Savoy
- Categories: General interest
- Frequency: Quarterly
- Founded: 2001
- Company: Savoy Media Group
- Country: USA
- Language: English
- Website: https://savoynetwork.com

= Savoy (magazine) =

Magazine founded in 2001

Savoy is an American national magazine aimed towards black professionals.

== History ==
Taking its name from the Savoy Ballroom of Harlem, Savoy magazine was launched by Vanguard Media in January 2001. It had been first proposed in 1995 by editor Roy Johnson who described it as "a smart, broad lifestyle publication that covers the news, personalities and trends that are important to people of color. The model we used was Vanity Fair." Savoy was aimed at Black men, between the ages of 25 and 54. A spinoff title Savoy Professional was launched in 2003.

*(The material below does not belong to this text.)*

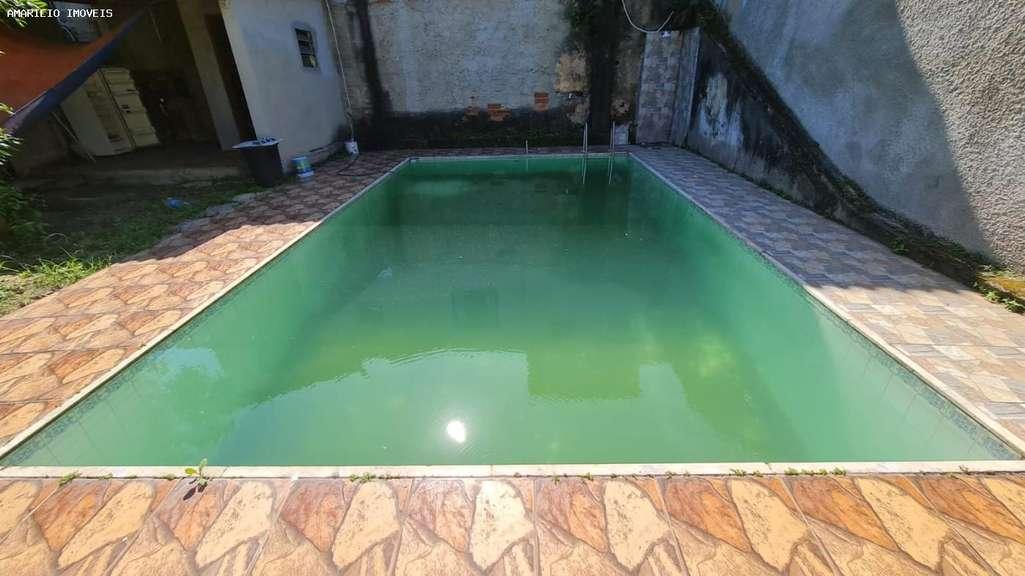 Casa, 4 quartos, 200 m² - Foto 27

Savoy published their final issue in January 2004 after Vanguard Media filed for bankruptcy. It had a circulation of 325,000.

Jungle Media Group purchased Savoy for $375,000. They then sold the magazine to Hermene D. Hartman, CEO of Hartman Publishing Group and owner of the free Chicago newspaper N'Digo, for $600,000.

The magazine was relaunched in February 2005 with Monroe Anderson as editor, to be published ten times each year. After four issues, the print edition was suspended and the magazine moved online. It was later sold to L.P. Green & Partners Inc who revived Savoy in 2010.